N10.2bn Libel Case: Court Adjourns Hearing Till October 3
SAN FRANCISCO, July 11, (THEWILL) – Hearing in the N10.2 billion libel suit filed by the Attorney General of the Federation (AGF), Mohammed Adoke (SAN), against former lawmaker, Dino Melaye, which had earlier been scheduled for Thursday, has been adjourned to October 3.
Justice Olasumbo Goodluck of an Abuja High Court adjourned hearing in the matter, Thursday, after the defence told her that they were served with the AGF's response last Wednesday.
Defence lawyer, Bamidele Aturu, who told the court that Adoke's response to his clients' defence was served on him around 6.30pm the previous day, therefore sought an adjournment to enable him reply appropriately.
The plaintiff’s counsel, Adeola Adedipe, confirmed the late service of the AGF's response on the defendants as he also agreed to an adjournment.
Adoke had sued Melaye (a former House of Representatives member) and a group, Anti-Corruption Network, claiming N10.2billion damages for allegedly damaging his reputation in a petition they wrote to President Goodluck Jonathan.
Melaye and his group had in the petition dated April 11 , detailed alleged graft and "outrageous use of powers against public interest" by the AGF; allegations the Presidency had since ordered to be investigated.
Melaye and his group, in their defence, however queried the professional competence and integrity of the AGF.
They also raised allegations bothering on corruption and abuse of office.
Melaye and his group stated that the nation's anti-corruption agencies - Independent Corrupt Practices and Other Related Offences Commission (ICPC) and Economic and Financial Crimes Commission (EFCC) have had cause to clash with Adoke over his moves to "castrate and frustrate them from investigating and prosecuting corruption and other economic and financial crimes in Nigeria.
"The plaintiff made Nigerians to believe that the Federal Government acted legally in facilitating the disputes involving OPL 245 allocated to Malabu Oil and Gas Limited owned by Chief Dan Etete when he knew or ought to know that: Chief Dan Etete was the Minister of Petroleum Resources on April 29, 1998 when his company, Malabu Oil and Gas Limited, was allocated OPL 245 by General Sani Abacha the then military Head of State contrary to section 10 of the Code of Conduct Bureau and Tribunal Act (Cap 56) Laws of the Federation of Nigeria, 1990 applicable at the material time.
*The oil block was cancelled and forfeited by the Federal Government under President Olusegun Obasanjo on July 2, 2011 which allocated same to Shell for 30 years leading to the institution of the suits filed by Malabu Oil and Gas Limited.
*The settlement sum of $1.1 billion was paid into depository Escrow Account No: 41454193 domiciled in JP Morgan Chase Co., London belonging to the Government of the Federation in line with section 162 of the Constitution.
*The said of sum $1.1 billion was withdrawn from the Account of the Government of the Federation without any appropriation by the National Assembly as required by section 59 of the Constitution.
*The purported amicable resolution of the disputes over the ownership of OPL 245 which culminated in the surrender of the oil block to Shell and ENI contravened the Federal Government Regulation of not selling more than 40 per cent shares in any oil block to foreign oil firms.
"Owing to the allegations of fraud, round tripping, corruption and abuse of office in the fraudulent settlement of the disputes involving the ownership of OPL 245, the House of Representatives passed a resolution to investigate the deal.
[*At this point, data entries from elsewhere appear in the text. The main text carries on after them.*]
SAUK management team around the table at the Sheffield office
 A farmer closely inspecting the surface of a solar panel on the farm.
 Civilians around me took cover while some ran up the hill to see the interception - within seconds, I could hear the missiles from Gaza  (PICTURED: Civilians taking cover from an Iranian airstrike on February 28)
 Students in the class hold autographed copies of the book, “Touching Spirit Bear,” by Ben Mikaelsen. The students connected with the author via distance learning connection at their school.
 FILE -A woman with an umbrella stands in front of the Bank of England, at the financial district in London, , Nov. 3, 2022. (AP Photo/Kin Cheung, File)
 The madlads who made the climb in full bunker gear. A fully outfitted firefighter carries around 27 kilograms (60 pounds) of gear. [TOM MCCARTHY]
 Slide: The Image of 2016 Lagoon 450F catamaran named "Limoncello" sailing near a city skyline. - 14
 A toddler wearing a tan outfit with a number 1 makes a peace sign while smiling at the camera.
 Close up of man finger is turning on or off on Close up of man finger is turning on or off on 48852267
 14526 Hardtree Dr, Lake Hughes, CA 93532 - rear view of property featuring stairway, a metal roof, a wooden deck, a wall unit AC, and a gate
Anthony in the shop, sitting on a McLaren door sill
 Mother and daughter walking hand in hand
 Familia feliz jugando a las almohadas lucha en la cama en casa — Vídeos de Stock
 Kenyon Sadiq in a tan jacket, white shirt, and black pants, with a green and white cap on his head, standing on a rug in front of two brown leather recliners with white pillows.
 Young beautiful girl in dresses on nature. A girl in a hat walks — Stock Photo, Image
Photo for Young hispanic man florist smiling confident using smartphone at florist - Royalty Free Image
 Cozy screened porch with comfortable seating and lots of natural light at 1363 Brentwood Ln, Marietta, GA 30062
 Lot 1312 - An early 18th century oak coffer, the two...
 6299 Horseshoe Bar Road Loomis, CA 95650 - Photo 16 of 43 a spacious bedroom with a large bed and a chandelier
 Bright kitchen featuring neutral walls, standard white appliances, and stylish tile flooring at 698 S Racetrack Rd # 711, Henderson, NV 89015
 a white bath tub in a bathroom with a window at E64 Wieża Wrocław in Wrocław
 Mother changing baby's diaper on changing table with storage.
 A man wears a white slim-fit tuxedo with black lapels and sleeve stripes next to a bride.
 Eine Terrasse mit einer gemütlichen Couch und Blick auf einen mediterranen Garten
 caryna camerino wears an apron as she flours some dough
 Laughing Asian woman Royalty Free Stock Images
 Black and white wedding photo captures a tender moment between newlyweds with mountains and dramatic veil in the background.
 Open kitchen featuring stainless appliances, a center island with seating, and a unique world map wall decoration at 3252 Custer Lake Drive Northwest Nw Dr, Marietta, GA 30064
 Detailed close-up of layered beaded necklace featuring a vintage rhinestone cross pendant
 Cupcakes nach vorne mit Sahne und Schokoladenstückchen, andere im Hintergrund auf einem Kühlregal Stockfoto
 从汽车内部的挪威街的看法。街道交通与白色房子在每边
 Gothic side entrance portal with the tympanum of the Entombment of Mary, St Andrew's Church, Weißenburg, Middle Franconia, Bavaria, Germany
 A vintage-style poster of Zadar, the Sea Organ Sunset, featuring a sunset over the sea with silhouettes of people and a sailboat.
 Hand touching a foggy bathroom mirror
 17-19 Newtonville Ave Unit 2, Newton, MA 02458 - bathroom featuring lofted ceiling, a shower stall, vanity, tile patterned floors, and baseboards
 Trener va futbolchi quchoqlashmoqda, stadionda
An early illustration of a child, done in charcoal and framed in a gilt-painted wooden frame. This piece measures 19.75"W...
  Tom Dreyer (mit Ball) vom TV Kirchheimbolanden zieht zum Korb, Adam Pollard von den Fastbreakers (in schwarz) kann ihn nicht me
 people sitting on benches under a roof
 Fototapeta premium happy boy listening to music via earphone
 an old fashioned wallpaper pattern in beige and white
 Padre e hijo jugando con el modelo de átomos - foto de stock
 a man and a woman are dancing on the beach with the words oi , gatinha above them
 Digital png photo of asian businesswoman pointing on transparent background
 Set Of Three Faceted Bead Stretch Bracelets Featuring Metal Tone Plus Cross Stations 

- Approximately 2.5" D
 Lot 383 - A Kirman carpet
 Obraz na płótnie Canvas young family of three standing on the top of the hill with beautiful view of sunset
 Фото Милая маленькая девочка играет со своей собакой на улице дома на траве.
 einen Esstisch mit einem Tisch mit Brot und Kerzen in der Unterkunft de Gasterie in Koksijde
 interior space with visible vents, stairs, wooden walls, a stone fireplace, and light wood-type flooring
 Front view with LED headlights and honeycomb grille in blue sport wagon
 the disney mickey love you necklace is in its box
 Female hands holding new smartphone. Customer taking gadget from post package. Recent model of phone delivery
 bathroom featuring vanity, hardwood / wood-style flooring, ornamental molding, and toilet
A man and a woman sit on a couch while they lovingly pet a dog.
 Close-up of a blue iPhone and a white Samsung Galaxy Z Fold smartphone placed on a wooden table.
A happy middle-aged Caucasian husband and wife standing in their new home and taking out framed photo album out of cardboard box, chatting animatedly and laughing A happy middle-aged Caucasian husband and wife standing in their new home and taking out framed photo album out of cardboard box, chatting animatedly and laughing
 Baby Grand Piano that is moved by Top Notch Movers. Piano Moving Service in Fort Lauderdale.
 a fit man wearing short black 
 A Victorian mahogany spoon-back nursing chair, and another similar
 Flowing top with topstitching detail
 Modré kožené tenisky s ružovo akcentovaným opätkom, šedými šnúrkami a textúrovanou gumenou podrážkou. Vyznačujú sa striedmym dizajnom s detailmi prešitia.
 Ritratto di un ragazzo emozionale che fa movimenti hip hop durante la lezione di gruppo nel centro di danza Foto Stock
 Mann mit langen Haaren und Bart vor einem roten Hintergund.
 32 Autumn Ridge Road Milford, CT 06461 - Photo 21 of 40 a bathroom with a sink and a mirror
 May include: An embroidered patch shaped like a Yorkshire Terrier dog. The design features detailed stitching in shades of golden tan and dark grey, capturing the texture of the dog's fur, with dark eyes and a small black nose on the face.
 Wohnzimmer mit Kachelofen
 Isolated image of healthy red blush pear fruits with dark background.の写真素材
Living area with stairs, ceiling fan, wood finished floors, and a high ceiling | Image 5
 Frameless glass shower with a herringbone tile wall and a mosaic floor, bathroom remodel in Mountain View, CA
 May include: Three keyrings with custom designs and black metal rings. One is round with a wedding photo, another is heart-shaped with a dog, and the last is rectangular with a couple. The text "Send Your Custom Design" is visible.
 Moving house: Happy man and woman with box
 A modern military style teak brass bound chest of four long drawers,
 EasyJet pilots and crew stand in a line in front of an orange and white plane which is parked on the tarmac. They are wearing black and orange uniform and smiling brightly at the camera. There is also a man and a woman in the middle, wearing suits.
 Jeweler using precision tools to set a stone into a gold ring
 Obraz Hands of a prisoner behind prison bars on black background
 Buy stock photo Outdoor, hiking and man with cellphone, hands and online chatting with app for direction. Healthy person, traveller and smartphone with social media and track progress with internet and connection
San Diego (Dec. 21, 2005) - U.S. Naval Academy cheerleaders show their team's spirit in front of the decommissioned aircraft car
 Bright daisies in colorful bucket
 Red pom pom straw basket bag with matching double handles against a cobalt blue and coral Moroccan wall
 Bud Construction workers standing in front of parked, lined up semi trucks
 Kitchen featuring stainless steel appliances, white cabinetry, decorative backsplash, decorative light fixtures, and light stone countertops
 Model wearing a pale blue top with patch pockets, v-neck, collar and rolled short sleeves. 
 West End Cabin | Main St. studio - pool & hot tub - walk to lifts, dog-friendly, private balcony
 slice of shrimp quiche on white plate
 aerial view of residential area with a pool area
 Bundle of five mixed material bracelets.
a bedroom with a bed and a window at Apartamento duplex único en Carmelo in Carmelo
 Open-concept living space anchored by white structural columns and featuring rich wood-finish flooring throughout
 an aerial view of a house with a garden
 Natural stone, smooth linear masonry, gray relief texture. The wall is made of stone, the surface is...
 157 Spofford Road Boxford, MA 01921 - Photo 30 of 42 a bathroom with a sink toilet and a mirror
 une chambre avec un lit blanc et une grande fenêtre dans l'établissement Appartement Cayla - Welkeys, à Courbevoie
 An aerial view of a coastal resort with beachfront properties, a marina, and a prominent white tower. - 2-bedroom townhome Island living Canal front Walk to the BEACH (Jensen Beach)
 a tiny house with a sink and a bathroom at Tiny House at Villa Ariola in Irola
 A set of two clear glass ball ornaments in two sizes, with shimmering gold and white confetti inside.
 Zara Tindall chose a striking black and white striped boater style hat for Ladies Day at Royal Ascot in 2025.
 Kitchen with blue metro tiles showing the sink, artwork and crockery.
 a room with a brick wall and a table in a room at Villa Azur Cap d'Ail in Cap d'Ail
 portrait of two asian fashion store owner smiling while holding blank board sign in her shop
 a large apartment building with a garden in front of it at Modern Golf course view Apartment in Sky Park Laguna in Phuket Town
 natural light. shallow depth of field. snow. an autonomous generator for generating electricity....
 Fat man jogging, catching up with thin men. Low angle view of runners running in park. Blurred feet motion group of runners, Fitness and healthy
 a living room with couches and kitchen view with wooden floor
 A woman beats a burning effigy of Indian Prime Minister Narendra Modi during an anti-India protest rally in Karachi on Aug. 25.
When the Committee was set up the Plaintiff appeared before it to give testimony he justified the illegal and fraudulent transaction.
"Although the Committee has not submitted its report for the consideration of the House, the Plaintiff lied when he wrote to Global Witness, an anti-corruption agency based in the United Kingdom, that the House of Representatives had approved the Malabu Oil deal," the defendants stated.
Adoke , in a recent response on July 10, however described the allegations contained in the defendants' defence as "being embarrassing, scandalous, vexatious, disclosing no defence to the action and an abuse of the process of the court,” as he urged the court to strike out a substantial part of it.